YOUR ASSIGNMENT: Everything from the line holding "Floral Polyester Waterproof" to the end of the listing below should be copied exactly, line for line, minus the pictures.

PROVIDED MATERIAL:

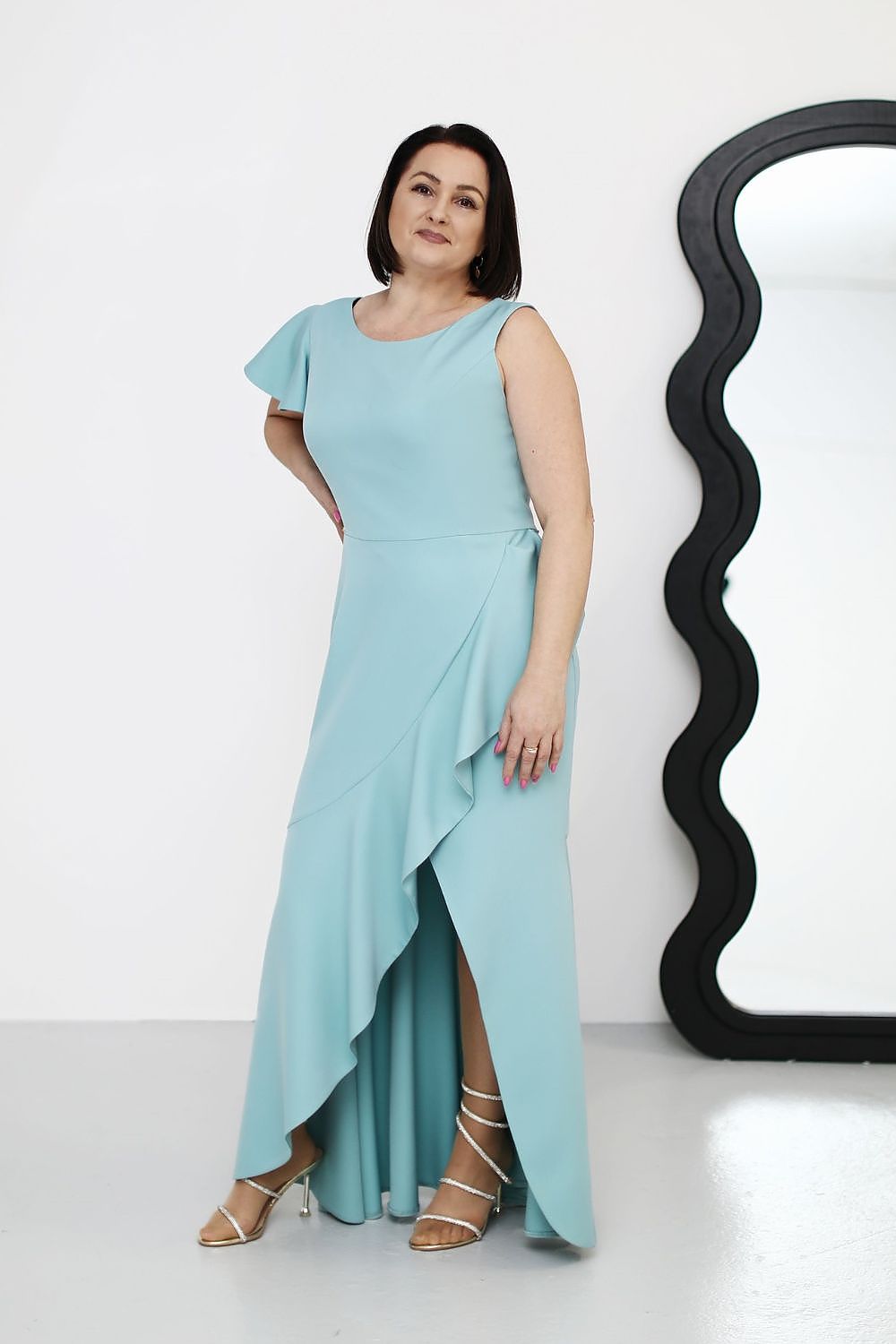 Plus Size Elvarise One-Shoulder Cocktail Dress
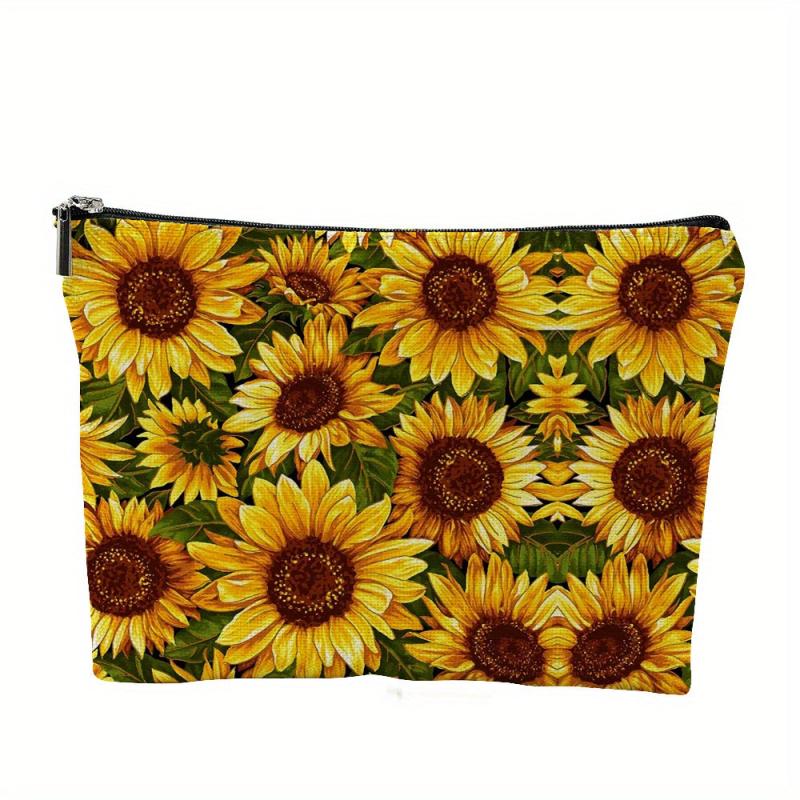 Floral Polyester Waterproof Makeup Bag Portable Storage Bag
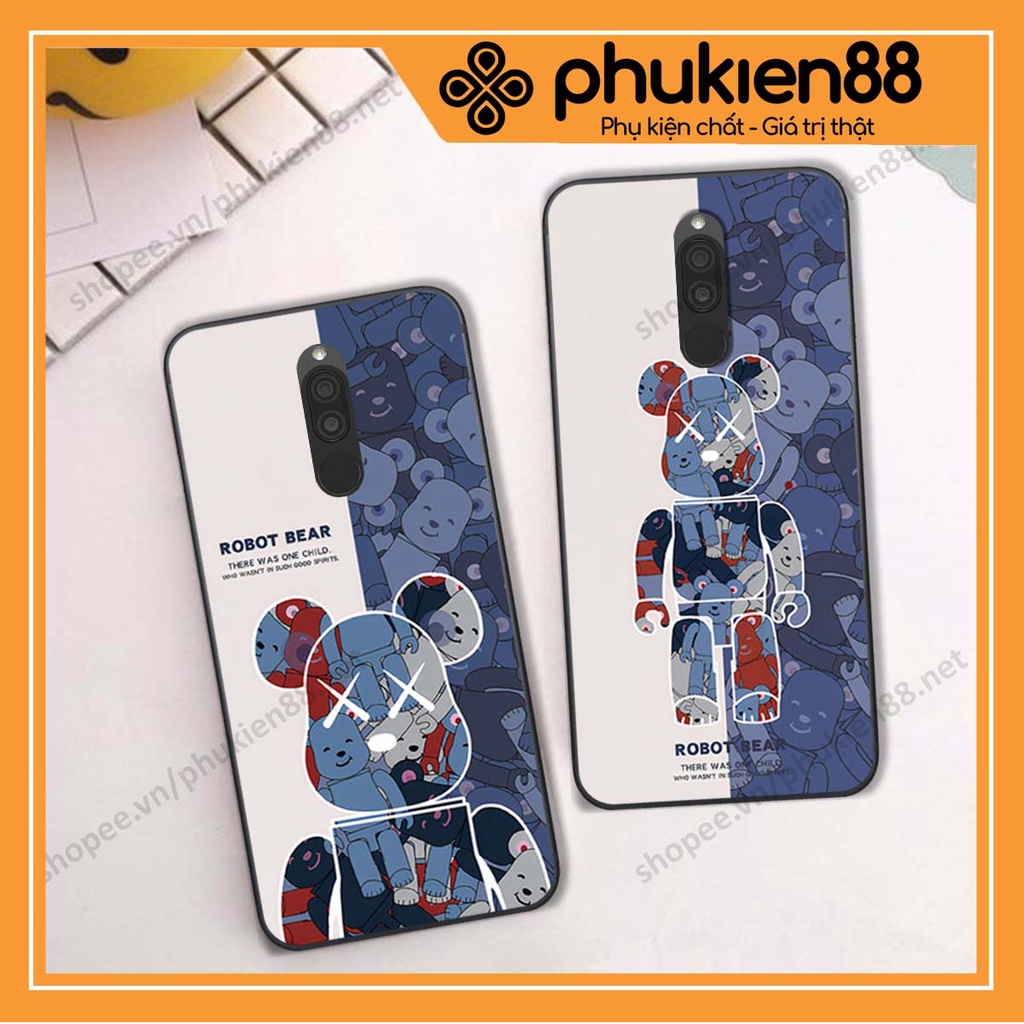 Ốp lưng Xiaomi Mi A1 hình Robot Bear, Kawsnc bảo vệ điện thoại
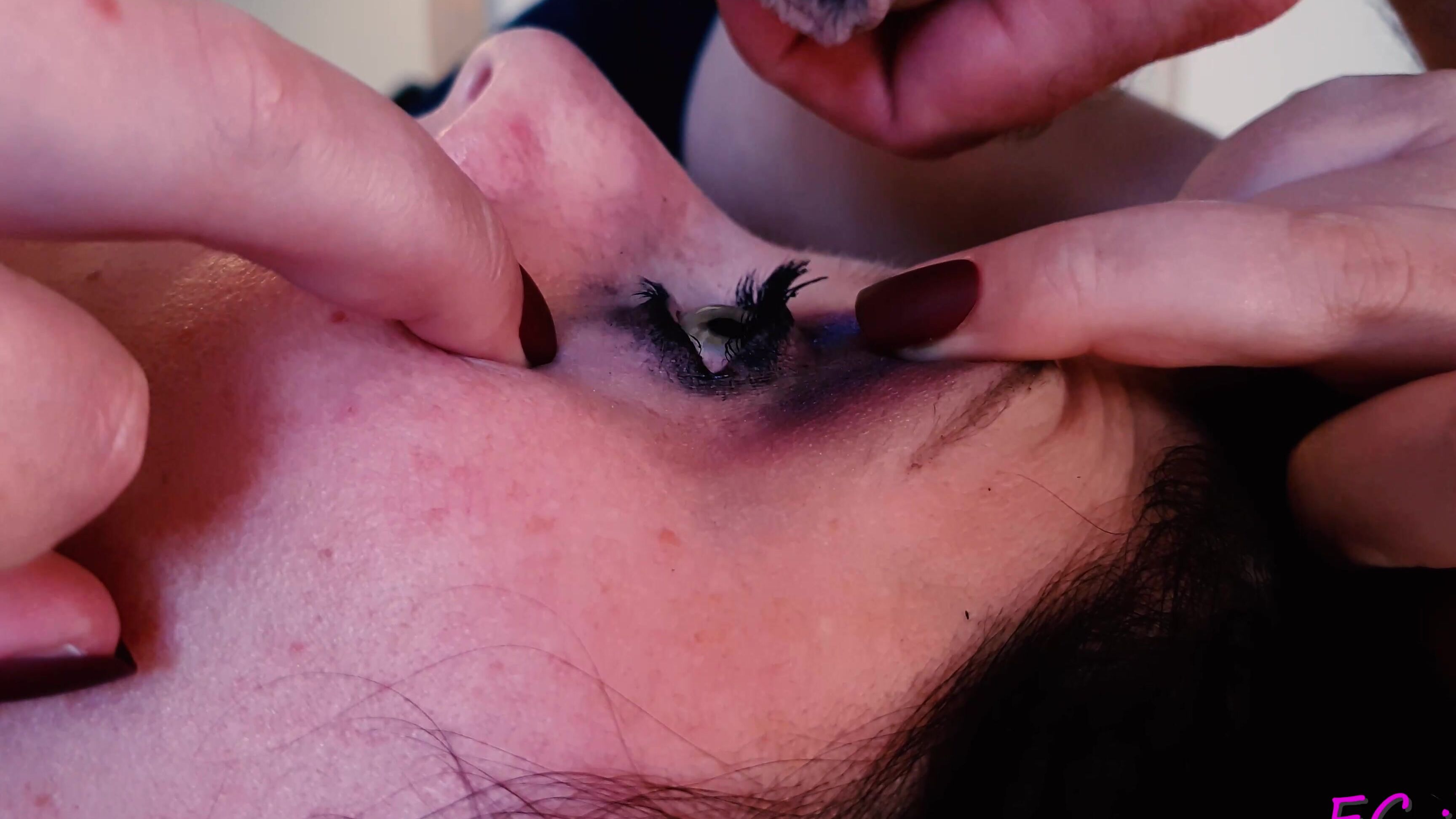 Pinkcandyec Cum In My Cupped Eye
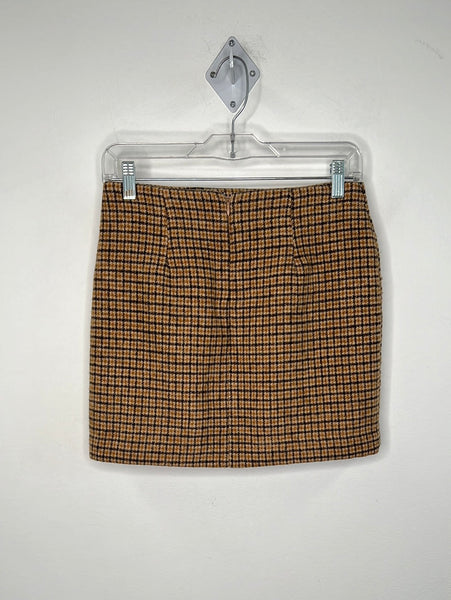 Forever 21 Plaid Wool Blend Mini Skirt (S)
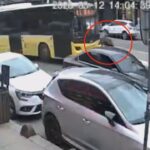istanbul sultanbeylide iett otobusunun carptigi yaya agir yaralandi kaza ani kamerada f7ea2d92242f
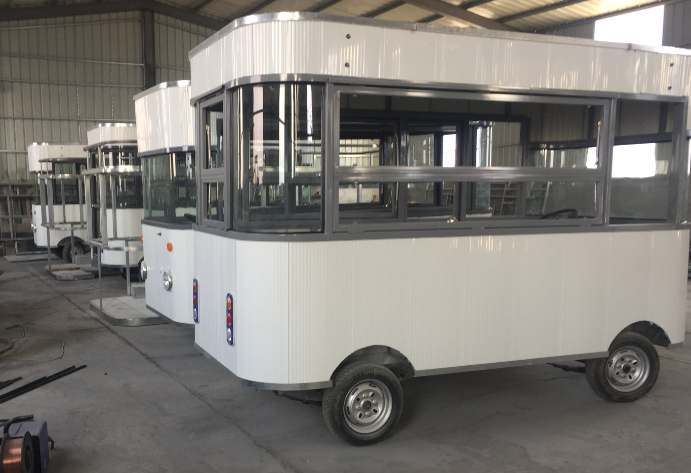 Electric Mobile Fashion T-shirt Jeans Jacket Pants Truck Trailer Cart Boutique 3.0kw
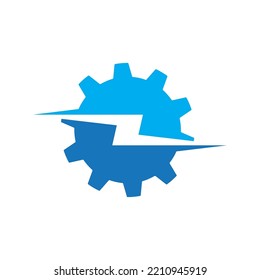 Diseño de Ilustración de Icono del Vector de engranajes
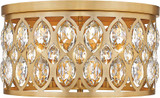 Z-Lite 6010F18HB Dealey Crystal Heirloom Brass Ceiling Lighting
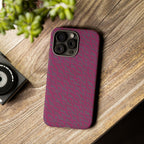 Pink Textured Wireless Charging Case | Premium Slim Dual-Layer Protective iPhone Cover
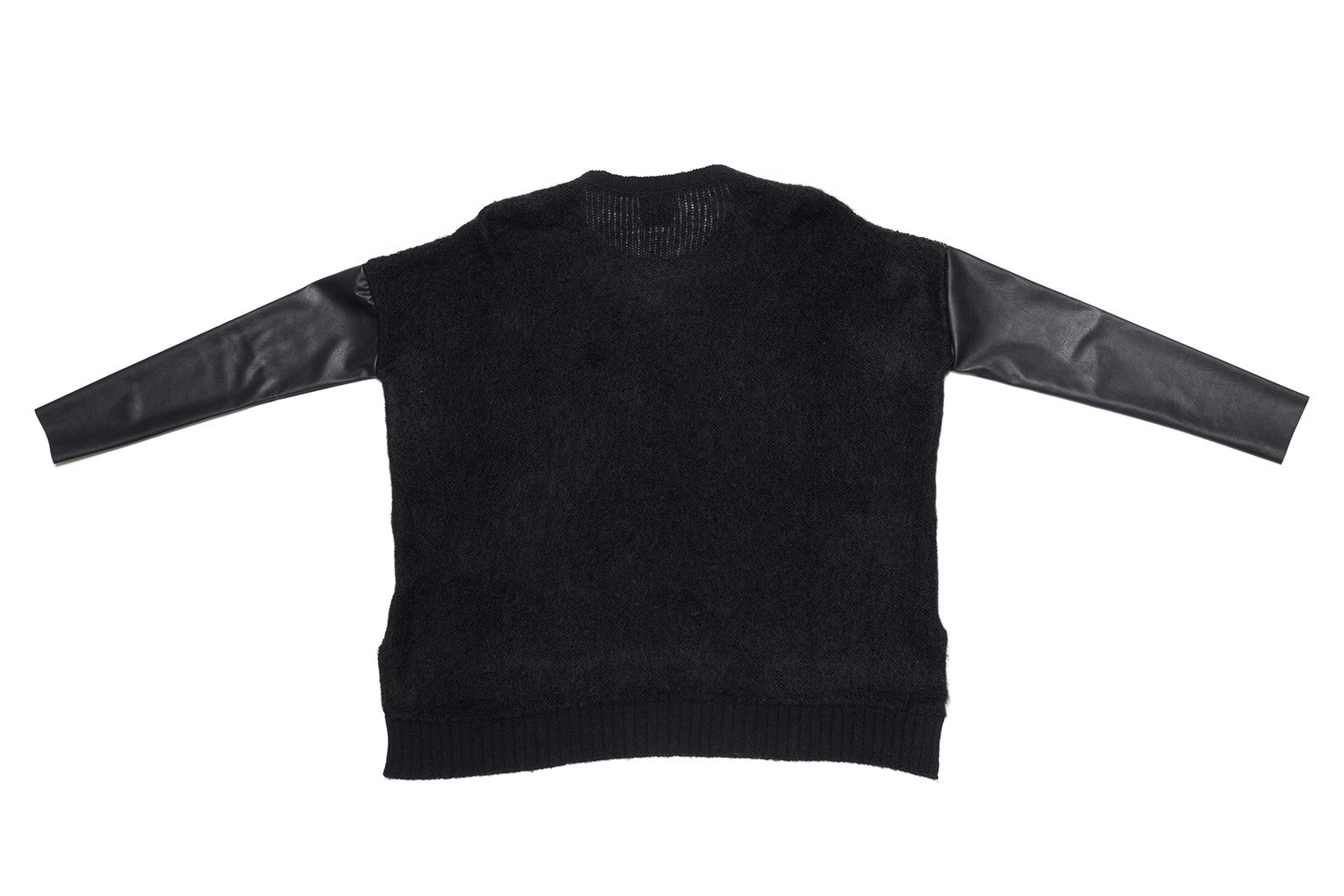 Round Neck Sweater with Sequin Chest Stripe - Nude - Sweater - TOPGEARNY
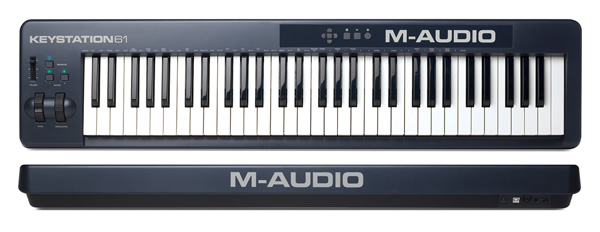 M-AUDIOの61鍵盤キーボードコントローラーKeystation 61の紹介ページです。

TASK RESULT:
 Floral Polyester Waterproof Makeup Bag Portable Storage Bag
 Ốp lưng Xiaomi Mi A1 hình Robot Bear, Kawsnc bảo vệ điện thoại
 Pinkcandyec Cum In My Cupped Eye
 Forever 21 Plaid Wool Blend Mini Skirt (S)
istanbul sultanbeylide iett otobusunun carptigi yaya agir yaralandi kaza ani kamerada f7ea2d92242f
 Electric Mobile Fashion T-shirt Jeans Jacket Pants Truck Trailer Cart Boutique 3.0kw
 Diseño de Ilustración de Icono del Vector de engranajes
 Z-Lite 6010F18HB Dealey Crystal Heirloom Brass Ceiling Lighting
 Pink Textured Wireless Charging Case | Premium Slim Dual-Layer Protective iPhone Cover
 Round Neck Sweater with Sequin Chest Stripe - Nude - Sweater - TOPGEARNY
 M-AUDIOの61鍵盤キーボードコントローラーKeystation 61の紹介ページです。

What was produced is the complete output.